What the task asks: In the listing below, find the line containing "A glass breaking on the ground" and the line containing "Pomme verte isolée", then copy exactly everything from the first through the second, except the pictures.

Source data:

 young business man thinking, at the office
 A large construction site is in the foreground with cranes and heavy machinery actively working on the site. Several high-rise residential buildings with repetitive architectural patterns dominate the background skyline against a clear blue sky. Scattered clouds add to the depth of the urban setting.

--

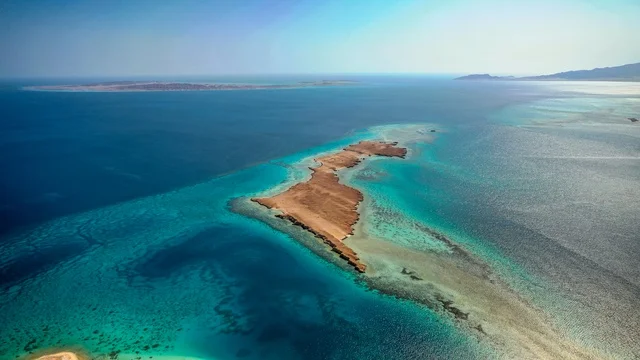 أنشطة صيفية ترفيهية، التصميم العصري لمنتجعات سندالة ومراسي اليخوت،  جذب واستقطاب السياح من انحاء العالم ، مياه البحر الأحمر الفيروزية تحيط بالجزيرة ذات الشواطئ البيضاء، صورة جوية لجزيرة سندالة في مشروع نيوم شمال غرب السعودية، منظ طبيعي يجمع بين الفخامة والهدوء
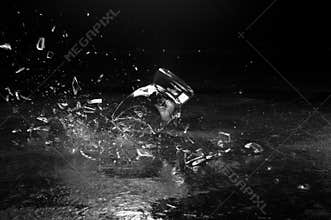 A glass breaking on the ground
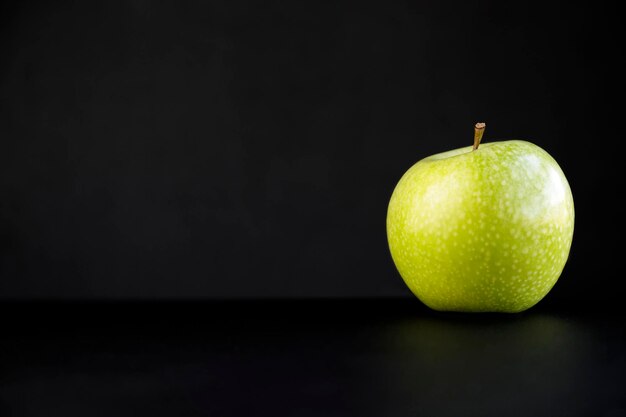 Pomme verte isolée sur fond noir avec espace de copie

Result:
 A glass breaking on the ground
 Pomme verte isolée sur fond noir avec espace de copie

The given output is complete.